Why I Need a Storm Cellar and Don’t Have One.

There was a big summer storm brewing. It was a bit early in the year for such a thing but i had been through plenty of them last august and i figured it would be more of the same. Whirlwind storms developed out of thin air on the radar and built and built until they were violent and menacing. High winds thrashed trees about, they dumped loads of water in short periods of time, overwhelming creeks and low water crossings, and there was usually hail and maybe a power outage just to throw the a/c and refrigerator out of whack.

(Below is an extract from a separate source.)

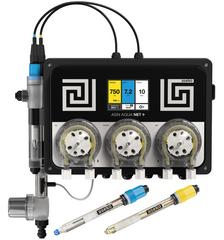 ASEKO dávkovač ASIN AQUA NET+ Redox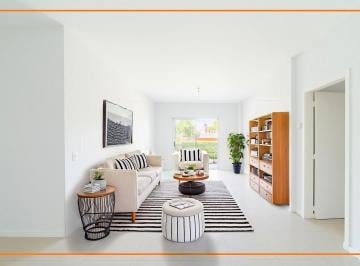 Departamento · 101m² · 4 Ambientes · 1 Cochera · Oportunidad Venta de Departamento 2 Dorm Complejo con Seguridad - Amenities - Jardin Claret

The last storm i had endured had left me without power for 6 hours and the one before that fried my electric fence and required an electrician to remedy the absence of power to the back of the house. I figured my biggest worry would be lightening. Since my property was at the top of a hill, lightening was a problem rather often and i seemed to have more than my fair share of electric incidents during storms. However, i was wrong. Lightening would not prove to be my biggest problem during this particular storm.

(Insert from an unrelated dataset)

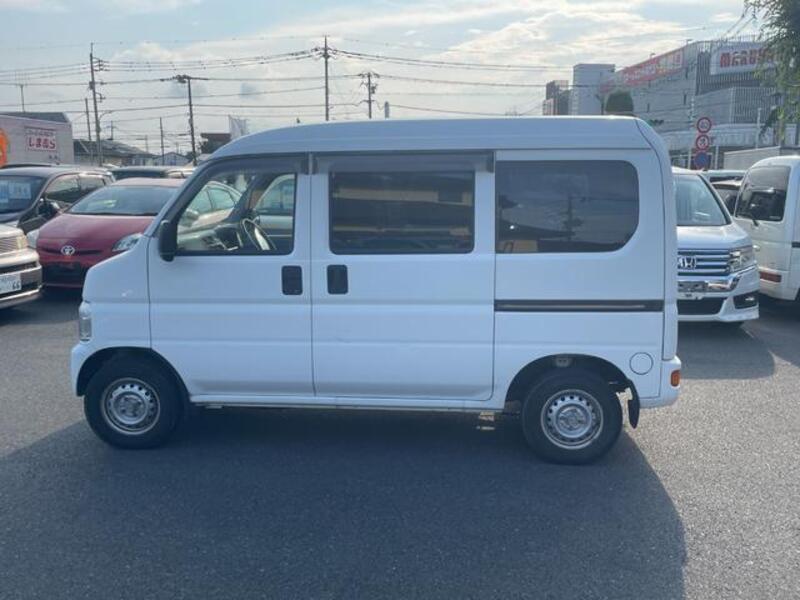 ACTY VAN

I saw it building on the radar long before it became visible in the sky, making its approach from the north. It started as a little dot of red surrounded by yellow and then green. That dot stretched and morphed. Then more dots appeared. Circles of red cropped up everywhere as green turned to yellow. Then each red blob developed a little purple circle at the center of it. That is when i began to see and hear the storm approaching outside. At first i was worried for a friend of mine that lived one town over because it appeared they were being hammered by the storm. I reached out to her to see how she was weathering the storm and make sure she knew more was headed her way and to hunker down and avoid driving. I then realized that i was in the direct path of the storms cropping up behind the one that was dumping buckets on my friend’s homestead one town over. I checked the radar again. Two pockets of purple were coming straight for us. I peered out the window. It did not look good. Something ominous and black was brewing to the north and moving fast by the looks of it. The black clouds spit jagged edged slivers of blinding light that traveled across the sky and sometimes to the ground. There was a distant low grumble each time one flashed across the sky. I thought to myself, “This is not good.” She was a mean one. I could tell. Usually i liked to stand on the porch and read the weather, take pictures, watch for lightening-sparked fires, and collect any hail that fell for examination. I could tell by looking at her, even from afar at this point, that it would not be one of those storms in which any of that was possible. It would command a deeper respect and there would be no photo opportunities or hail examination time. When i saw her building in the distance i hurried about the yard, running this way and that, struggling to get all the chores done before she arrived amidst a chorus of distant thunder. After i was finished with the chores i collected well water for the night, did all the cooking i was going to do in case the stove went out in the storm, and took an apple out of the refrigerator and set it on the counter in case the power went out and i needed to refrain from opening the door. When both the dogs had been out, the chickens had been given their june bugs and zucchini for the night, the rain collection tub was placed securely in the yard, the car was parked underneath the oak-tree “carport”, and the chores were done i said “okay, now it can rain.”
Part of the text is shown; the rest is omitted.